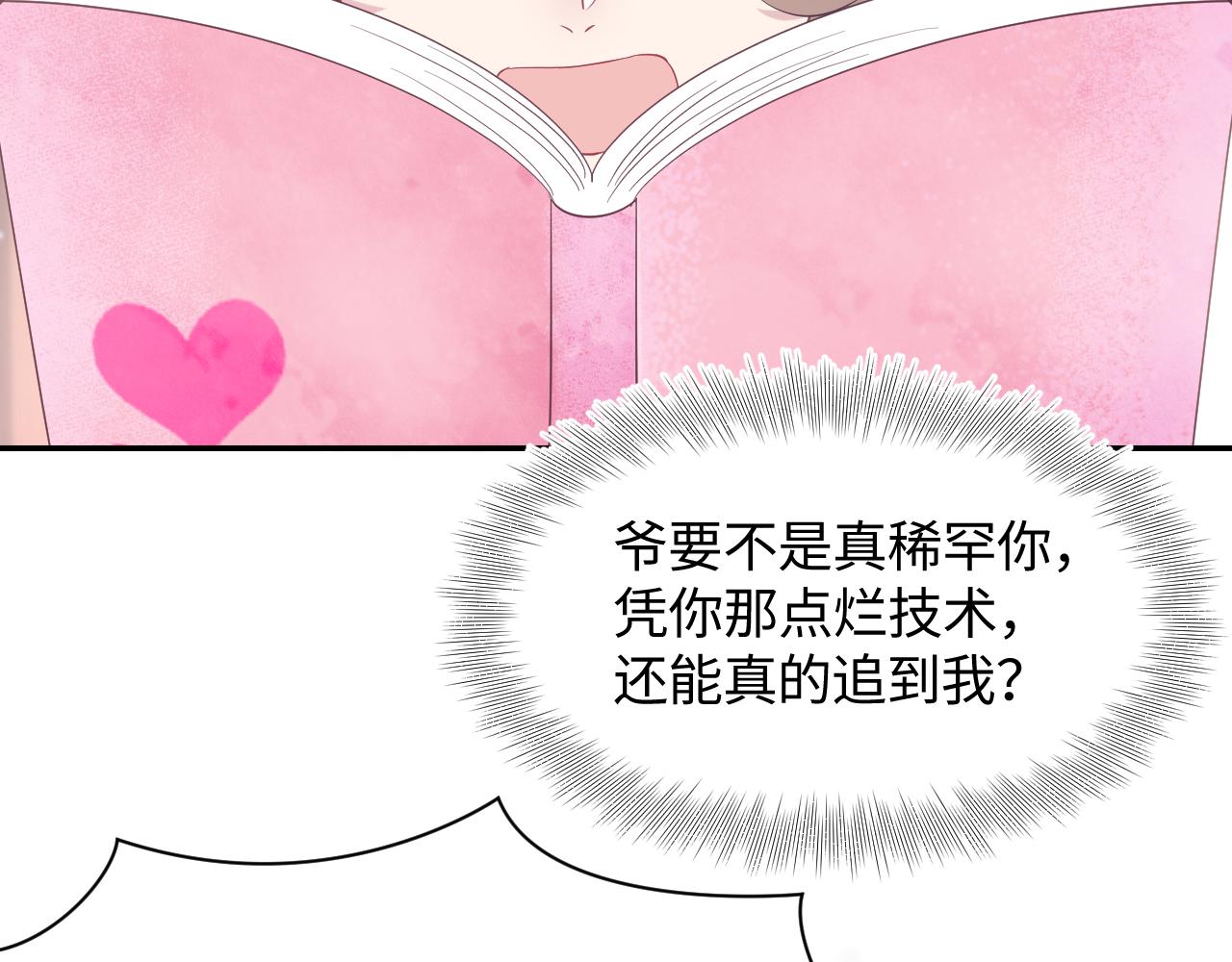 第95话 和你一辈子甜腻腻73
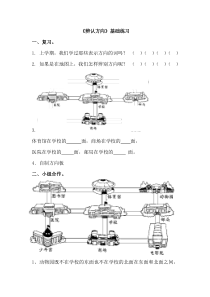 《辨认方向》基础练习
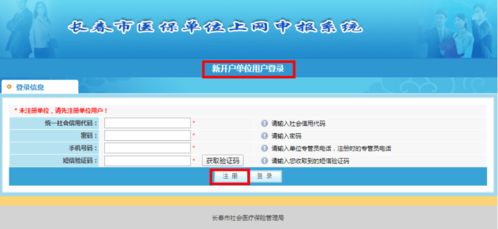 门户网站是什么意思：这个网站火爆全球，每日访问量超百万！新升级功能让你爱不释手！,门户网站是什么意思：这个网站火爆全球，每日访问量超百万！新升级功能让你爱不释手！,第1张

▸ **Aim of the task**: An exact transcription of the listing is required, and it must contain no pictures.

▸ **Expected answer**:
 第95话 和你一辈子甜腻腻73
 《辨认方向》基础练习
 门户网站是什么意思：这个网站火爆全球，每日访问量超百万！新升级功能让你爱不释手！,门户网站是什么意思：这个网站火爆全球，每日访问量超百万！新升级功能让你爱不释手！,第1张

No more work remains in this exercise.